We can look at ebook hardware the same way; at this stage, it is primarily an Amazon vs Everybody Else battle. In this case, Amazon could be seen to be the proprietary platform (having bought an open platform and turning it into a proprietary one), and the other hardware makers, adopting to ePub as they are, can be seen as more open (especially those running Android systems). No, it’s not a direct correlation, but it’s close enough for comparison purposes.
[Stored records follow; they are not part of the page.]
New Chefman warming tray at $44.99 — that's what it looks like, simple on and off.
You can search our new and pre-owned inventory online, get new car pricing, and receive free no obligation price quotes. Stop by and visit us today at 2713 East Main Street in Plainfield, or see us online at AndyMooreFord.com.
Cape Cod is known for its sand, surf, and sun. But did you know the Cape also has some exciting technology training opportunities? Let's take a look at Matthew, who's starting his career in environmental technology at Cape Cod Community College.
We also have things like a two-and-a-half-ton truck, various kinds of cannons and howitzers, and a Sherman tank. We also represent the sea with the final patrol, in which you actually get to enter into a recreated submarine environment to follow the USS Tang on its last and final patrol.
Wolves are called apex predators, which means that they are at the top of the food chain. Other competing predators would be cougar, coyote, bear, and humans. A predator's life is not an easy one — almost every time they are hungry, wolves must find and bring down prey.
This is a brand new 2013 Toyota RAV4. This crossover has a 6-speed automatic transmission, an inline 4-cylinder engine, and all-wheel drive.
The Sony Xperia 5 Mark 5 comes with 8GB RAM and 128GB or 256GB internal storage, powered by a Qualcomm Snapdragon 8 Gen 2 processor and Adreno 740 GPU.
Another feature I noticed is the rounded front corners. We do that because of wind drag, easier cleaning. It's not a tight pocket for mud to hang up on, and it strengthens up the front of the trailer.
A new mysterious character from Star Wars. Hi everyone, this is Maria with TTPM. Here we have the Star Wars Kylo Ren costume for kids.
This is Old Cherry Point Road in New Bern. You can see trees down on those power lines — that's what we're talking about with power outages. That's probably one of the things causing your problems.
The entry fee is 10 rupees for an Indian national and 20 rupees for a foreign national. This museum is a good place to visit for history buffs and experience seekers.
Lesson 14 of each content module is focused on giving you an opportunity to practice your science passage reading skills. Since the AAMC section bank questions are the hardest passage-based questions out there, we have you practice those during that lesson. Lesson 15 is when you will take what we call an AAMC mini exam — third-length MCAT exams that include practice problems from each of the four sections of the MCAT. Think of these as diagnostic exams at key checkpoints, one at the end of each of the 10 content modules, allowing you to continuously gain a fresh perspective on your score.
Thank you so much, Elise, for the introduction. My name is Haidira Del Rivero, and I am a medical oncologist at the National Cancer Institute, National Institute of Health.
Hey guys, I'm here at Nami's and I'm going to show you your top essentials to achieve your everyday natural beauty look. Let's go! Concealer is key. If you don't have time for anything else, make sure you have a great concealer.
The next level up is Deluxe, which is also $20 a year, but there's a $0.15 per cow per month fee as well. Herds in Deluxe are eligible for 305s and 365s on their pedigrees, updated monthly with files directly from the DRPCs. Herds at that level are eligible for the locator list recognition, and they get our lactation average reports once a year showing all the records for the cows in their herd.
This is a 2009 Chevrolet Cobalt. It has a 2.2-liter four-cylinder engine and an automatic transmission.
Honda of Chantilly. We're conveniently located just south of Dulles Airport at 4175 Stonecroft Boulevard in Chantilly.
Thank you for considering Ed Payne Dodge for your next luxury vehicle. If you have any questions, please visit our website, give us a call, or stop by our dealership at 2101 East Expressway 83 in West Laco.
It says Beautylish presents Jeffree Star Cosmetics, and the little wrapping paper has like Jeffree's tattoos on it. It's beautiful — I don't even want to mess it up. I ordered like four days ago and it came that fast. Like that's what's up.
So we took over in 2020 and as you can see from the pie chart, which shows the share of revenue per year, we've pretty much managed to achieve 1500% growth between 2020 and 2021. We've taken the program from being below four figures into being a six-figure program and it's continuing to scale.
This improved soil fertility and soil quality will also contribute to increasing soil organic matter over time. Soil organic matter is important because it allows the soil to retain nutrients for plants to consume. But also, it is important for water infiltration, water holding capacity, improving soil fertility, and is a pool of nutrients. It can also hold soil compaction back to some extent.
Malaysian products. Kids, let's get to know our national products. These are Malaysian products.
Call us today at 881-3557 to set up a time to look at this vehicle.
Again, proprietary vs open isn’t nearly as important as consumer experience… which is why the proprietary Kindle store is still on top with most ebook users in the U.S., with its easy-to-use store and multiple-platform reading apps. Even Apple’s proprietary platform has shown incredible popularity, outstripping all industry performance estimations, and primarily due to ease-of-use, which is why it may be more of a direct competitor on its own against Android and the Kindle at present. But as other hardware vendors improve their products, make more Android hardware and apps available, and help to consolidate the rest of the market through sharing of the ePub standard, Kindle’s dominance could dwindle over time.
Bottom line: The future won’t be predicted by the most money spent, the coolest covers, or the most celebrities behind the product. We, the people, will decide which is best for us, and that’s the platform that will do the best in the market.